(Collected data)
· · · ·
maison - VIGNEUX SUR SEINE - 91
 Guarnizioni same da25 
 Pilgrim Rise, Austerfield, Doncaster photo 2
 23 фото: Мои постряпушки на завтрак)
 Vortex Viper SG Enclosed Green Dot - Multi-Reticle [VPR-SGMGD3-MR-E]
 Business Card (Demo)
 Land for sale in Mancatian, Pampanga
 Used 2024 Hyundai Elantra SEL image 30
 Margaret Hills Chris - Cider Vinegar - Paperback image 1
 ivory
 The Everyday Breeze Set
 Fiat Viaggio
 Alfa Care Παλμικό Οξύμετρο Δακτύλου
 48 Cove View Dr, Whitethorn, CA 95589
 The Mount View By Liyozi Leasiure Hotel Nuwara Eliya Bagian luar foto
· · · ·
WORK INSTRUCTIONS ::
Copy the data exactly. Leave nothing out.

OUTPUT OF THE TASK ::
maison - VIGNEUX SUR SEINE - 91
 Guarnizioni same da25 
 Pilgrim Rise, Austerfield, Doncaster photo 2
 23 фото: Мои постряпушки на завтрак)
 Vortex Viper SG Enclosed Green Dot - Multi-Reticle [VPR-SGMGD3-MR-E]
 Business Card (Demo)
 Land for sale in Mancatian, Pampanga
 Used 2024 Hyundai Elantra SEL image 30
 Margaret Hills Chris - Cider Vinegar - Paperback image 1
 ivory
 The Everyday Breeze Set
 Fiat Viaggio
 Alfa Care Παλμικό Οξύμετρο Δακτύλου
 48 Cove View Dr, Whitethorn, CA 95589
 The Mount View By Liyozi Leasiure Hotel Nuwara Eliya Bagian luar foto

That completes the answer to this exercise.